Our journey begins on the “Backbord” side with the “U-Boot Theme” which sets the tone and atmosphere for the rest of the album. Layers of cool, liquid, synthesized sounds wash over us, perfectly produced to give the true feeling of being submerged in dark, threatening waters with gallons of reverb and deep sub-sonic rumblings. There is no music to speak of on this side of the record, merely these gloriously expansive aquascapes, which appear to be totally assembled from analogue synthesizer sounds – as far as I can tell, there are no samples, rendering these all the more impressive.
The next phase of the record is the “Steuerbord” side which, while still continuing the atmospheric elements of “Backbord”, also brings a more tuneful air to the record through tonal shifts in the ambience and imitated submarine “pings”. The album now becomes increasingly mournful with each despondent chord and descending progression, the thundering basses growing ever stronger until the album reaches its climax in “Sinking”. This has to be one of my favourite Ah Cama-Sotz pieces, suddenly emerging out of the stifling atmospheres with a hauntingly beautiful melody: triumphant, yet doleful as it evokes the images of U-68’s crew, floating helplessly down to their silent, bitter end.

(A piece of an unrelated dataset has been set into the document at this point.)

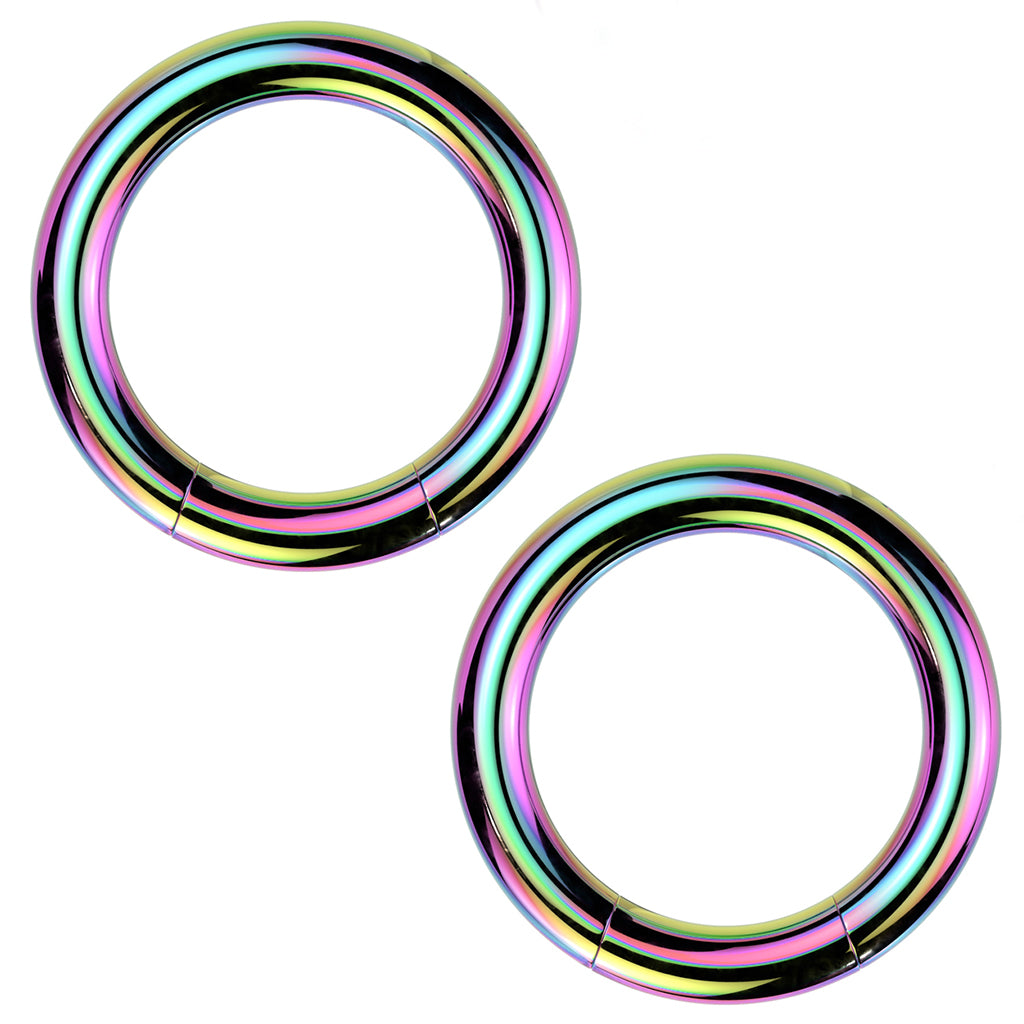 Rainbow PVD Stainless Steel Segment Hoop Ring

Every time I play this album, I become ever more enamoured with it. Ah Cama-Sotz avoids the usual ambient cliché of a “soundtrack to an unmade movie” by painting, not films, but incredibly detailed tableaux like pictures from a history book. While we can never know what the crew of U-68 experienced, “U-Boot” brings us frighteningly close; expressing with sound what words and images cannot.